Chinguno also urged ZCDC to help poverty-stricken women with money to start projects and also improve infrastructure development in the province.

Marange communities recently complained that the diamond miner was worse than the previous firms among them Mbada Diamonds.

They alleged human rights abuses by the police, military and security personnel of the company.

Chinguno also gave rural district councils an ultimatum of up to October 31 to provide land to Zanu PF youths, failure of which demonstrations would also be organised against them.

“I am going to lead a revolution in this province so that people are empowered. If we are arrested, then there is no problem, even war veterans spent many years in jail,” he said.

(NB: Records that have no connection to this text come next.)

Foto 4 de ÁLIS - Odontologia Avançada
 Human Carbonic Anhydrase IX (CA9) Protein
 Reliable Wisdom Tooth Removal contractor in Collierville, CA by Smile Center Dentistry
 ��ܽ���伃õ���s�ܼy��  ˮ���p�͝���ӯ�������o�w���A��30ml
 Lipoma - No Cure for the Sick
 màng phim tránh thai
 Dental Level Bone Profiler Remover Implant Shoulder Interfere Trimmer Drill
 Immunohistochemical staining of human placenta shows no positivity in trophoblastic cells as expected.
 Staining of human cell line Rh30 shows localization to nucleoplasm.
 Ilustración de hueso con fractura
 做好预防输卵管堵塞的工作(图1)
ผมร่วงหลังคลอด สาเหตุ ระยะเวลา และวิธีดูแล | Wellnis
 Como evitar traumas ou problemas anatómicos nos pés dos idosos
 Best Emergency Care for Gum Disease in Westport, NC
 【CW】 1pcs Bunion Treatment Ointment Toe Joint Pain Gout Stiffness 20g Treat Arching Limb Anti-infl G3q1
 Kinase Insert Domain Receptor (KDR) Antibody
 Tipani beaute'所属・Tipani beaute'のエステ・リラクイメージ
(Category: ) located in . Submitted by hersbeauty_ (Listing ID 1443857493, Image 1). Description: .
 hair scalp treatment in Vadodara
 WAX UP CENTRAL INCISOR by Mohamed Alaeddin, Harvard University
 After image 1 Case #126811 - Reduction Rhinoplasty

Meanwhile, villagers in Marange were shocked by revelations by President Robert Mugabe that $15 billion diamond revenue went missing, a Parliament report on the Zimunya-Marange Community Share Ownership Trust (CSOT) has said.

The report, presented by the Justice Mayor Wadyajena-led Youth and Indigenisation Parliamentary Portfolio Committee to the National Assembly on Tuesday, recommended that displaced villagers be compensated.

“They (villagers) argued that the President must have been aware of what was happening at the diamond fields, as every Wednesday a plane would come to pick up diamonds for resale,” they said.

The committee noted fear, rage, and pessimism in the Zimunya-Marange community around the perceived plundering of the diamonds and the ensuing manipulation of the CSOT.

“Villagers are bitter that despite being one of the most lucrative diamond fields in the world, five years after diamond mining began, their area has remained poor and underdeveloped and revenues from mineral resources have failed to lift poor people out of the shackles of poverty,” reads the report.

“The communities are crippled by degraded environments, disease, perceived and real corruption in the handling of the CSOT funds, general poor service delivery and dilapidated infrastructure such as poor road networks, under-rehabilitated bridges, under equipped clinics with inadequate drug stock, and general food insecurity for the communities due to relocations from their plots, drought and general poverty.”

It said local resident’s hopes of benefiting from their local resources had been dashed, leading to speculation that Local Government minister Saviour Kasukuwere had misled Mugabe on the CSOT.